[Dataset entries — start]
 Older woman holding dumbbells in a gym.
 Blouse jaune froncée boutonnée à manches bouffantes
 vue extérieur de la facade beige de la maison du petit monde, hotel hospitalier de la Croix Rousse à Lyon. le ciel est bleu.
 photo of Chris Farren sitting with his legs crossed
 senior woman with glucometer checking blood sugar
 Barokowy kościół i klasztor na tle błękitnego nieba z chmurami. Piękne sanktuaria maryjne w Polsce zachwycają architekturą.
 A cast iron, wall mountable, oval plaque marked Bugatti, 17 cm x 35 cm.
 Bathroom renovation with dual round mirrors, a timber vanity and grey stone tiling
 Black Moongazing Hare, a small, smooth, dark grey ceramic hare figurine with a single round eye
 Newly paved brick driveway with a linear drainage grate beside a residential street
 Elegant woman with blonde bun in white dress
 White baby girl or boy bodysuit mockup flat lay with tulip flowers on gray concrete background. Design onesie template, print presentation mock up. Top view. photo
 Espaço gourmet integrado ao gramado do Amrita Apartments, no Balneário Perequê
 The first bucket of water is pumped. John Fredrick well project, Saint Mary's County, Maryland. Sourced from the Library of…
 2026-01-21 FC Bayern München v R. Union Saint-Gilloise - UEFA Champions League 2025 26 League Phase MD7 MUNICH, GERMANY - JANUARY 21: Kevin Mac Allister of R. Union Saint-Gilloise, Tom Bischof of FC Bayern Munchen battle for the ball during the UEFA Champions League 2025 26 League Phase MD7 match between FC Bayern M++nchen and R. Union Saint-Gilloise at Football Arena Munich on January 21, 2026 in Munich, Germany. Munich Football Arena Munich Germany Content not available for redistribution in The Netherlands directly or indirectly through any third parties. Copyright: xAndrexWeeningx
[Dataset entries — finish]
### Your goal
From the line that has "photo of Chris" through the line that has "The first bucket", copy every line exactly as it appears above, and leave out all others.

### Result of the exercise
 photo of Chris Farren sitting with his legs crossed
 senior woman with glucometer checking blood sugar
 Barokowy kościół i klasztor na tle błękitnego nieba z chmurami. Piękne sanktuaria maryjne w Polsce zachwycają architekturą.
 A cast iron, wall mountable, oval plaque marked Bugatti, 17 cm x 35 cm.
 Bathroom renovation with dual round mirrors, a timber vanity and grey stone tiling
 Black Moongazing Hare, a small, smooth, dark grey ceramic hare figurine with a single round eye
 Newly paved brick driveway with a linear drainage grate beside a residential street
 Elegant woman with blonde bun in white dress
 White baby girl or boy bodysuit mockup flat lay with tulip flowers on gray concrete background. Design onesie template, print presentation mock up. Top view. photo
 Espaço gourmet integrado ao gramado do Amrita Apartments, no Balneário Perequê
 The first bucket of water is pumped. John Fredrick well project, Saint Mary's County, Maryland. Sourced from the Library of…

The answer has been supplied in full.